IAM Deep Dive — Principals, Policies & STS
If misconfiguration dominates cloud breaches, IAM is the field where it lives. Master principals, policy evaluation, AssumeRole and STS, conditions and ABAC, federation, and the patterns that make least privilege survivable in production.
What you will learn
Identity and Access Management is where most cloud security wins — and most cloud breaches — happen. The provider gives you a powerful, declarative engine for saying who can do what to which resources, under what conditions. Most teams use perhaps five percent of it and pay for the other ninety-five percent in incident reports. This chapter is a deep dive into how the engine actually evaluates a request, the credential lifecycle behind every API call, and the patterns that hold up at scale.
Principals, Resources, Actions, Conditions
Strip the JSON away and every cloud's IAM language is the same triple-plus-context: a principal (the caller — user, role, workload identity) requests an action (s3:GetObject, kms:Decrypt) on a resource (the ARN of the bucket key, the URI of the storage object) under some conditions (source IP, tag match, TLS version, MFA presence).
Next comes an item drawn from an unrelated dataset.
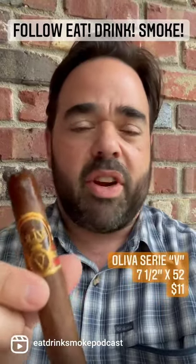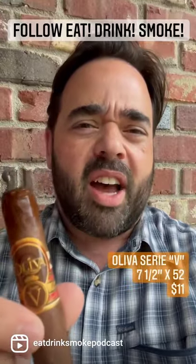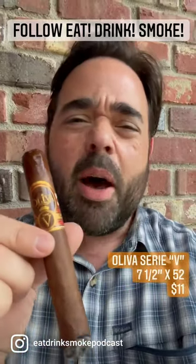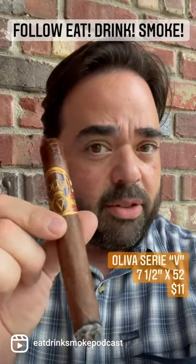I find this works with everything — bourbon, yes; coffee, yes. A great cigar to have in the humidor all the time. And this Churchill size, about $11 a stick, maybe $12 a stick, depending on your tobacconist. Check it out.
Policies are documents that match against this tuple and produce an Allow, a Deny, or no opinion.
The provider noun map
| Concept | AWS | GCP | Azure |
|---|---|---|---|
| Principal type | User, Role, Service-linked role | User, Service Account, Group | User, Service Principal, Managed Identity |
| Workload identity | EC2 instance role / IRSA / Pod identity | Workload Identity Federation | Managed Identity |
| Permission unit | Action (e.g. s3:GetObject) | Permission (storage.objects.get) | Action (Microsoft.Storage/.../read) |
| Bundle | Policy | Role (predefined / custom) | Role definition |
| Attachment | Identity / resource policy | Role binding (on resource hierarchy) | Role assignment (on scope) |
| Org-wide guardrail | SCPs (Organizations) | Org Policies / VPC-SC | Azure Policy / Management Groups |
| Per-identity ceiling | Permission boundary | (via deny policies) | (via deny assignments) |
The vocabulary differs but the algebra is the same. We will use AWS in the examples because its policy language is the most explicit; the patterns translate directly.
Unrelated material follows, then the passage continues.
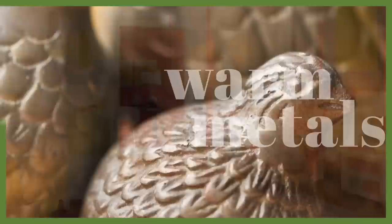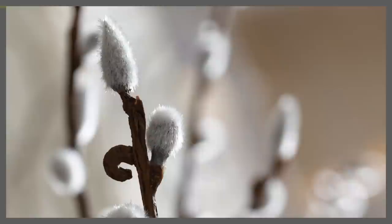Warm metals such as aged brass and bronze bring a vintage spirit to this vibrant color. I also love driftwoods and natural materials like woven baskets to really give it an earthy feel. I love it with white linens and crisp white trim. No matter how you use coral reef, it will bring joy to your space.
Policy Evaluation — Deny Wins
Two principles cover ninety percent of "why is this not working" debugging. An explicit Deny anywhere wins. The default is implicit deny. Everything else is sequencing: AWS evaluates organizational SCPs first (do the org guardrails even allow this action?), then identity policies and resource policies, then any permission boundary, then session policies on STS-assumed roles. If at any point a Deny matches, you stop; otherwise you need an explicit Allow somewhere to succeed.
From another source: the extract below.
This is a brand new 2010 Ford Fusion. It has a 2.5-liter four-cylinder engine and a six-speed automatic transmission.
The intersection rule for boundaries
A permission boundary is the maximum a principal can ever be granted, regardless of its identity policy. Boundaries are commonly used in delegated account models: platform engineers want app teams to create their own roles, but only within a ceiling. The effective permissions are the intersection of identity policy and boundary. SCPs work the same way at the org level — they cap an account's possible API surface.
{
"Version": "2012-10-17",
"Statement": [
{
"Sid": "DenyOutsideHomeRegion",
"Effect": "Deny",
"Action": "*",
"Resource": "*",
"Condition": {
"StringNotEquals": { "aws:RequestedRegion": ["us-east-1", "us-east-2"] },
"BoolIfExists": { "aws:ViaAWSService": "false" }
}
},
{
"Sid": "DenyRootUser",
"Effect": "Deny",
"Action": "*",
"Resource": "*",
"Condition": { "StringLike": { "aws:PrincipalArn": "arn:aws:iam::*:root" } }
}
]
}This is a real-world starter SCP: pin your accounts to allowed regions (huge blast-radius win) and forbid the root user from doing anything. It runs above identity policies, so even an unbounded admin role cannot create a resource in eu-central-1.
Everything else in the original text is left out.